■ **What you should do**:
Your task is to retype every entry exactly while omitting the pictures.

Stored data
○ ○ ○ ○

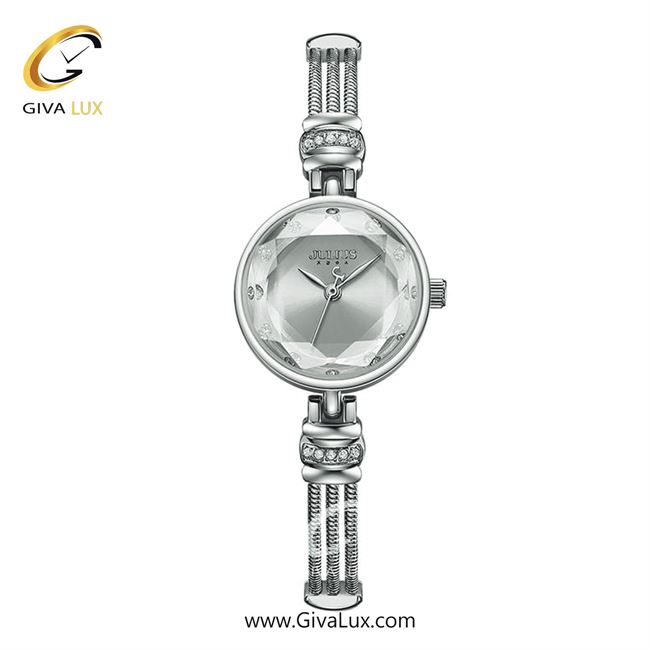 ساعت مچی اورجینال زنانه جولیوس نقره ای | نقره ای| نقره ای| کد رفرنس JA-1135A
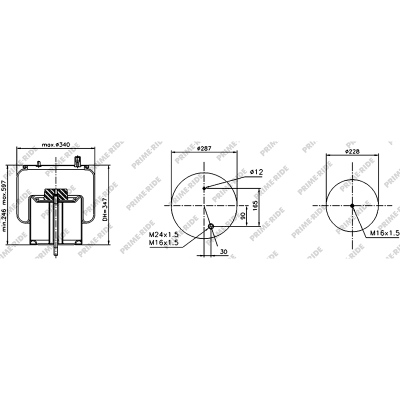 Soufflet à air avec piston en acier, Prime-Ride_0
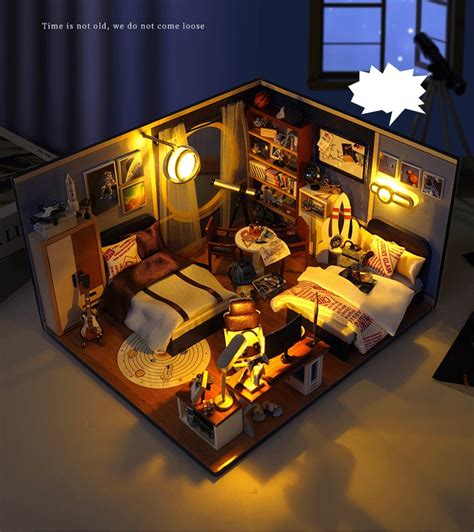 My Dream Room Series DIY Miniature House Kit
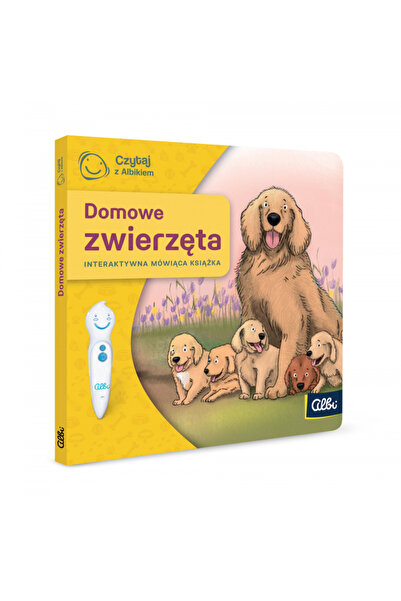 NO BRAND Citește împreună cu Albik: Animale de companie – Carte interactivă c...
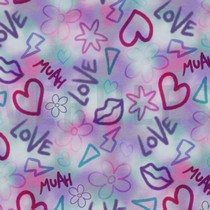 JERSEY DIGITAL GRAFFITI FÉMININ LAVANDE CLAIR (thumbnail)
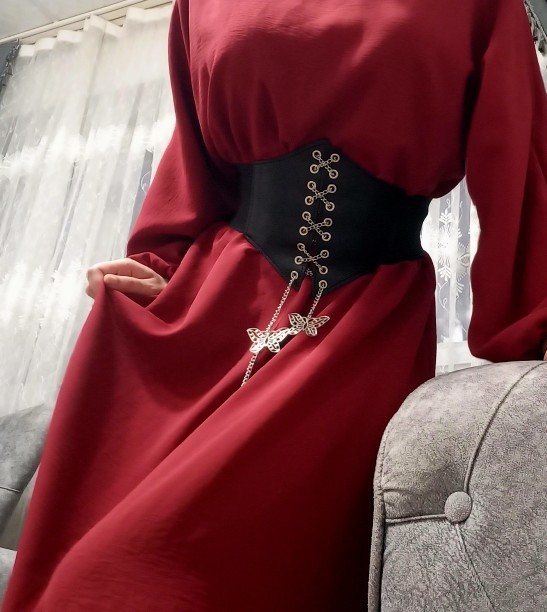 Sizce bu kemer nasıl durmuş, kararsız kaldım?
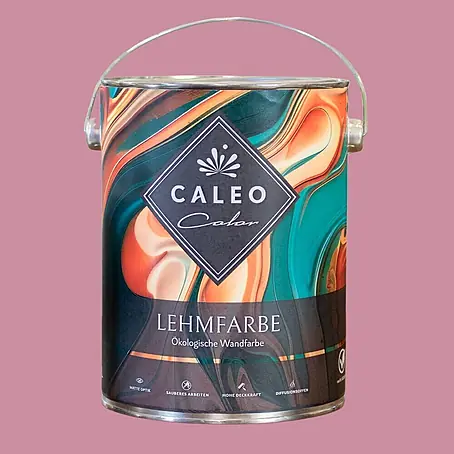 Caleo Color  Wandfarbe Lehmfarbe Himbeere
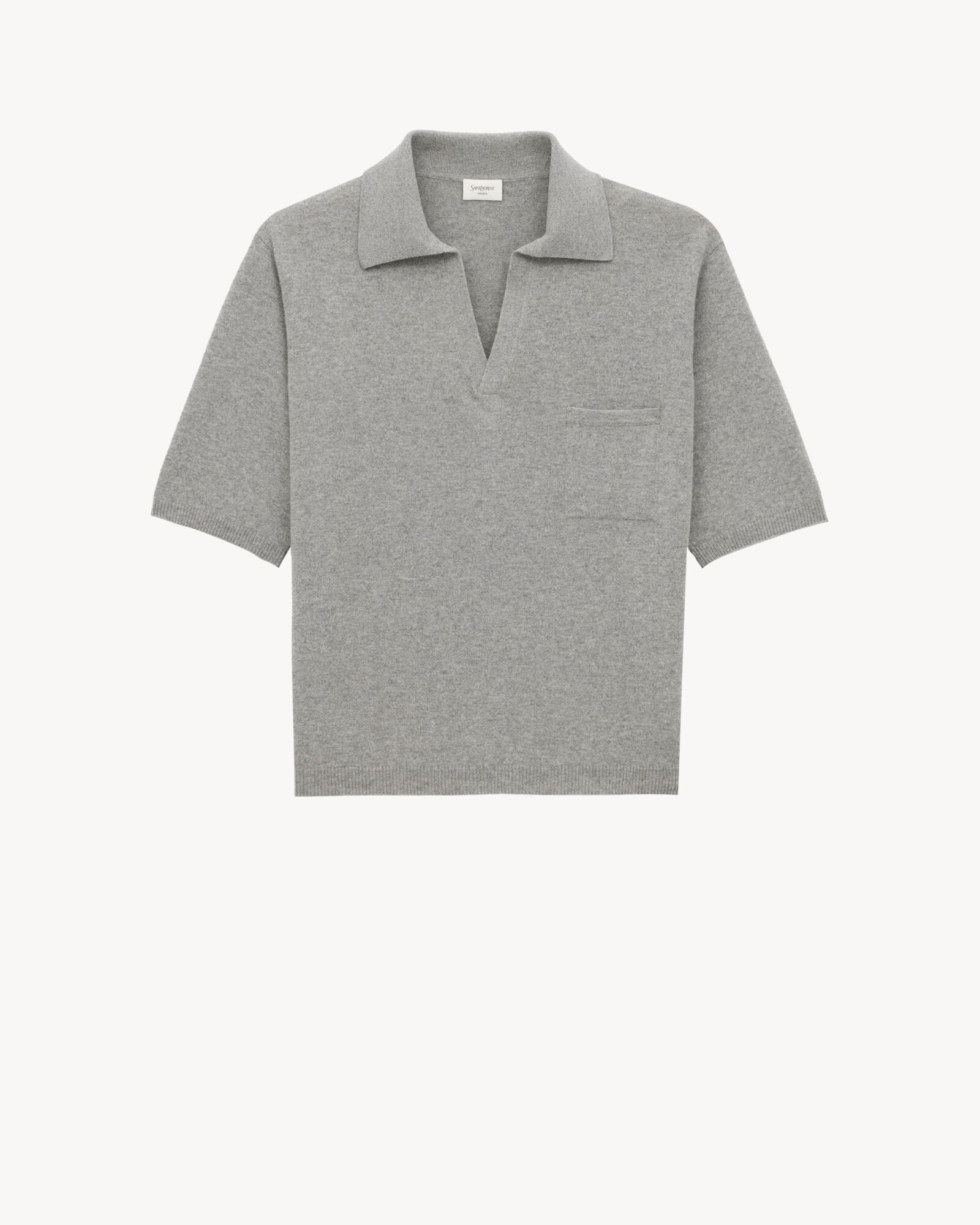 CASSANDRE polo shirt in wool | Saint Laurent | YSL.com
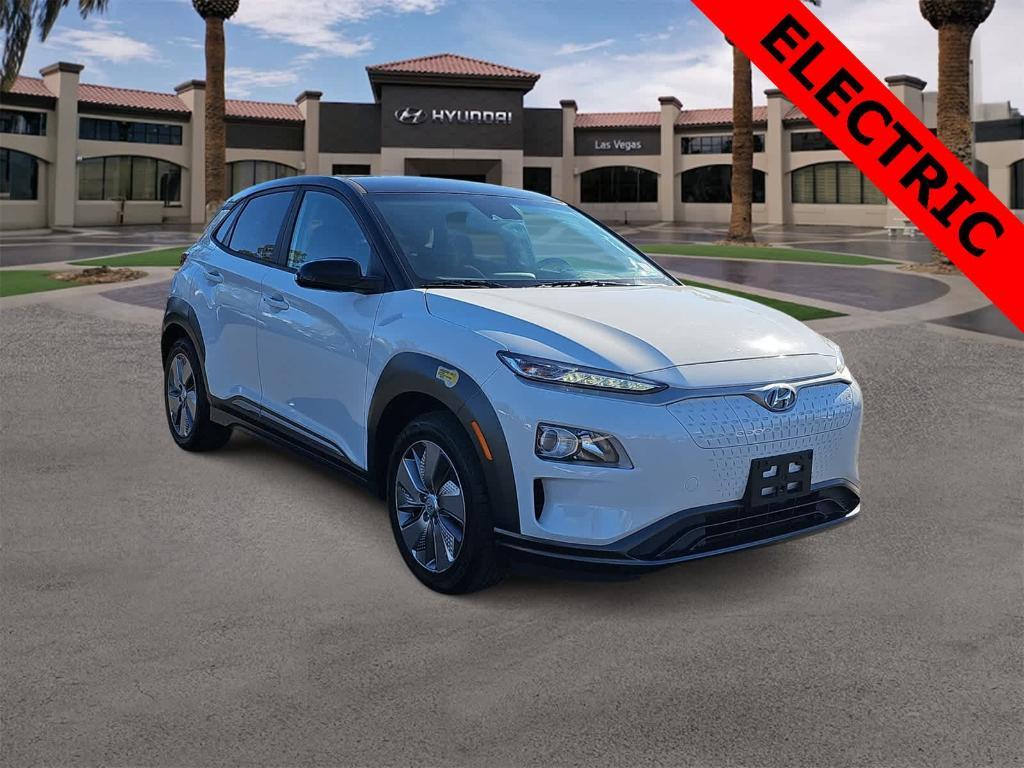 used 2021 Hyundai Kona EV car, priced at $15,000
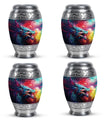 Colorful Dragon Urn - Dragon Urns Funeral Large Cremation Urns For Ashes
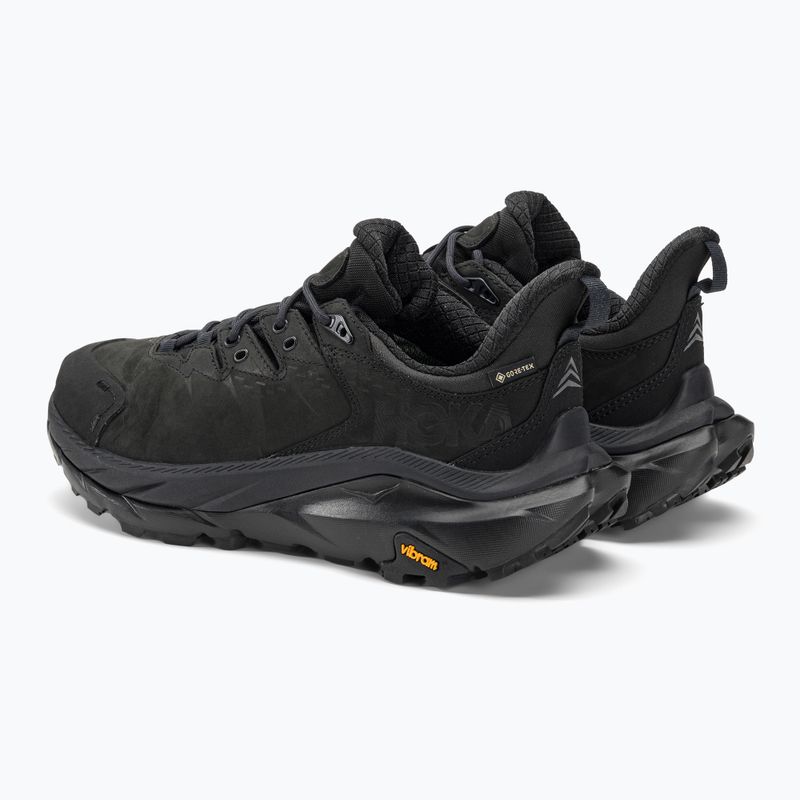 Scarpe da trekking da uomo HOKA Kaha 2 Low GTX nero/nero 3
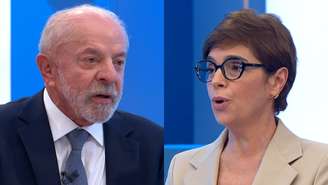 Lula e Renata Lo Prete na Globo (Reprodução/TV Globo)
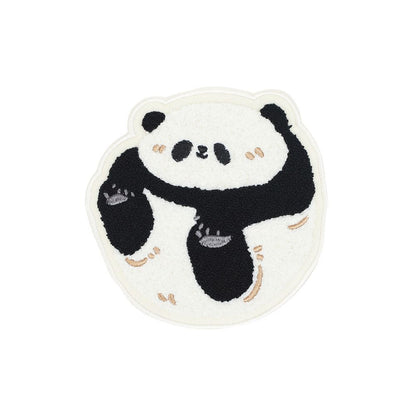 Caiyitang Cute Panda Felt Creative Coaster Tabletop Heat Insulation Mat Office and Home Anti scalding Storage Mat AC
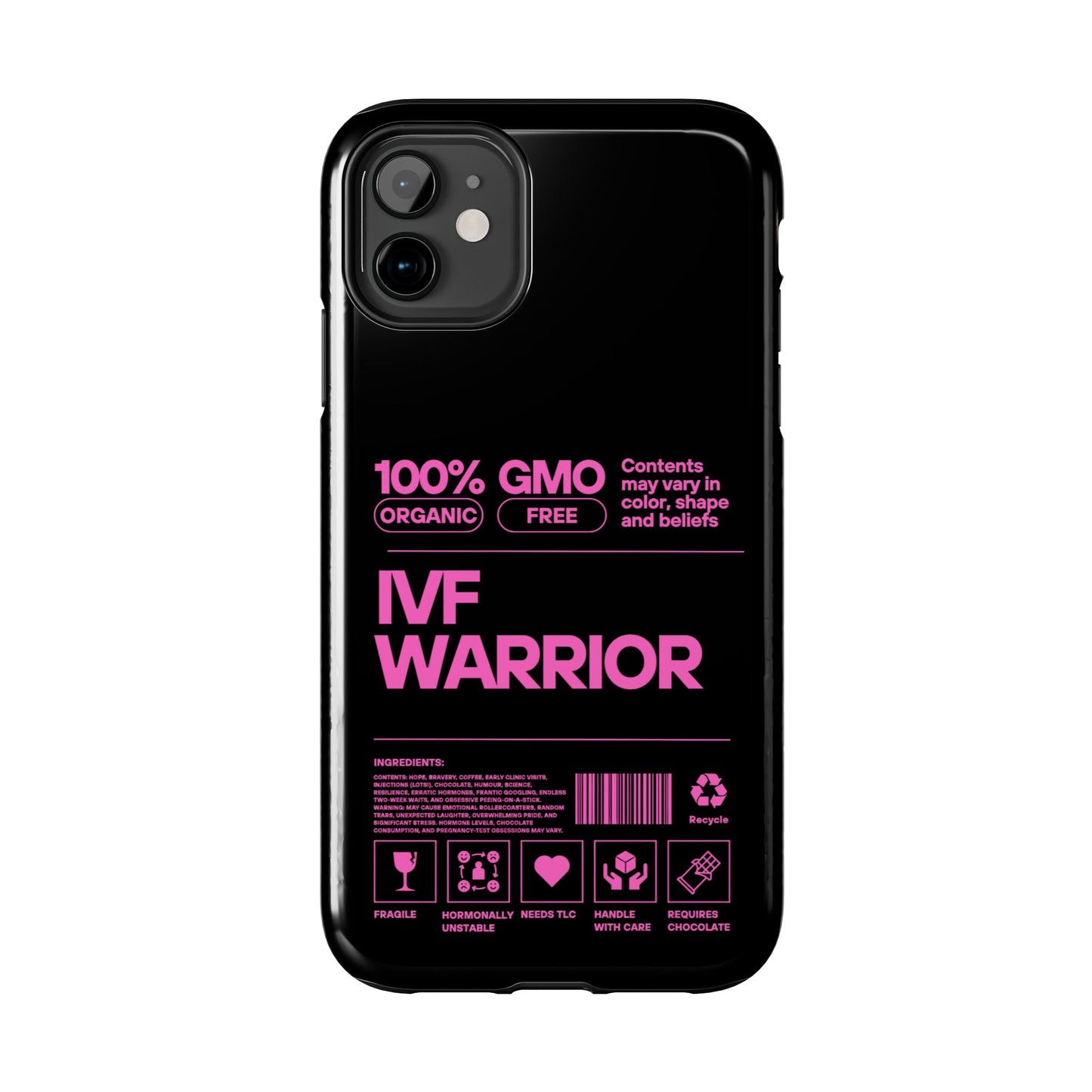 IVF Warrior Tough Phone Case - Empowering Gift for Fertility Journey, IVF Support, Organic Design, Personalized Cases, Motivational Art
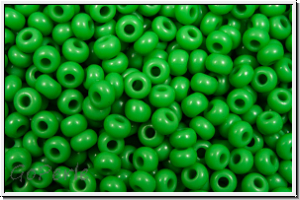 PR-11-53250, PRECIOSA Rocailles, 11/0, green, jade, dkst., op., 20g
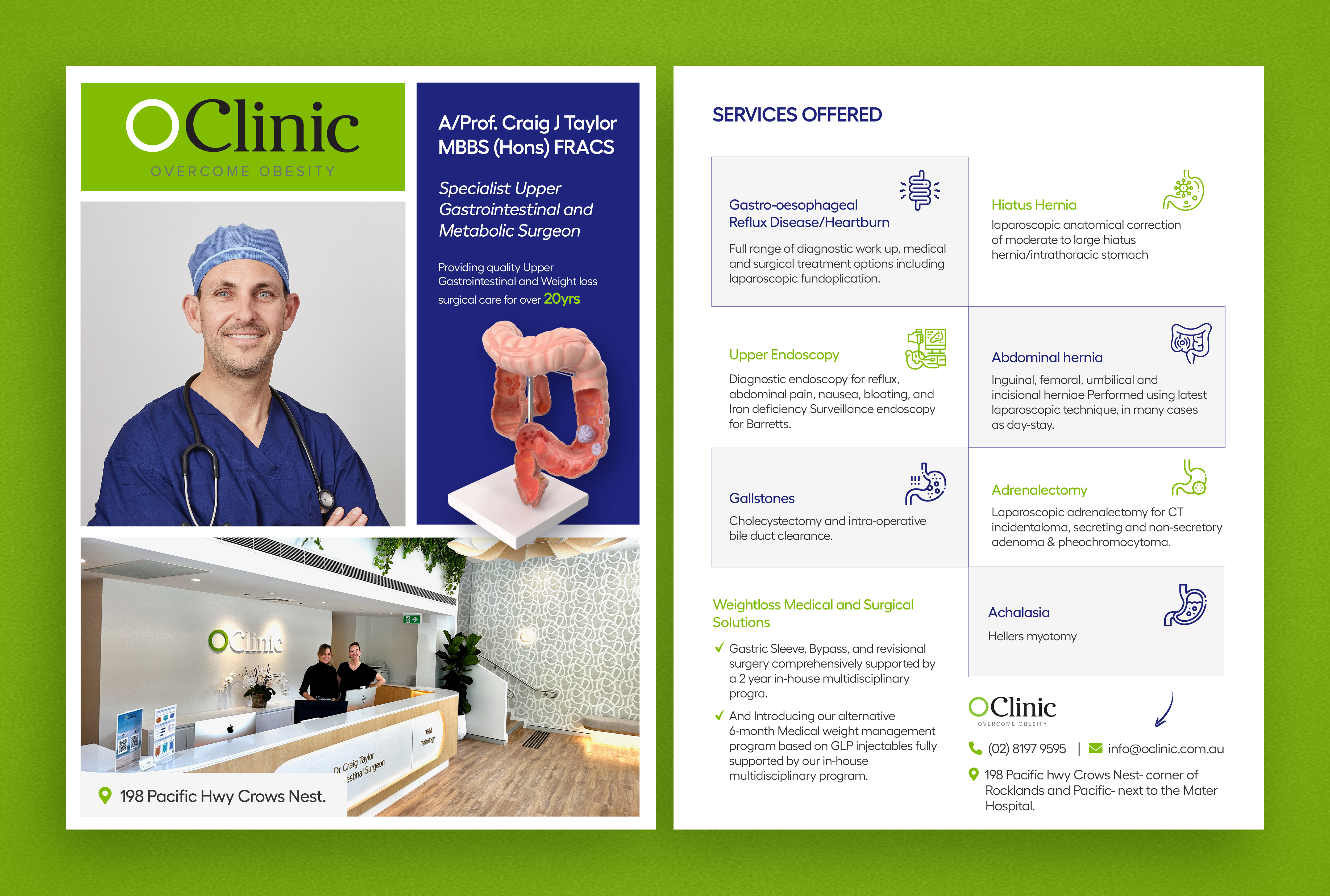 Design de Flyer par Graphic Guy pour OClinic | Design #36299475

○ ○ ○ ○

■ **Reply**:
 ساعت مچی اورجینال زنانه جولیوس نقره ای | نقره ای| نقره ای| کد رفرنس JA-1135A
 Soufflet à air avec piston en acier, Prime-Ride_0
 My Dream Room Series DIY Miniature House Kit
 NO BRAND Citește împreună cu Albik: Animale de companie – Carte interactivă c...
 JERSEY DIGITAL GRAFFITI FÉMININ LAVANDE CLAIR (thumbnail)
 Sizce bu kemer nasıl durmuş, kararsız kaldım?
 Caleo Color  Wandfarbe Lehmfarbe Himbeere
 CASSANDRE polo shirt in wool | Saint Laurent | YSL.com
 used 2021 Hyundai Kona EV car, priced at $15,000
 Colorful Dragon Urn - Dragon Urns Funeral Large Cremation Urns For Ashes
 Scarpe da trekking da uomo HOKA Kaha 2 Low GTX nero/nero 3
 Lula e Renata Lo Prete na Globo (Reprodução/TV Globo)
 Caiyitang Cute Panda Felt Creative Coaster Tabletop Heat Insulation Mat Office and Home Anti scalding Storage Mat AC
 IVF Warrior Tough Phone Case - Empowering Gift for Fertility Journey, IVF Support, Organic Design, Personalized Cases, Motivational Art
 PR-11-53250, PRECIOSA Rocailles, 11/0, green, jade, dkst., op., 20g
 Design de Flyer par Graphic Guy pour OClinic | Design #36299475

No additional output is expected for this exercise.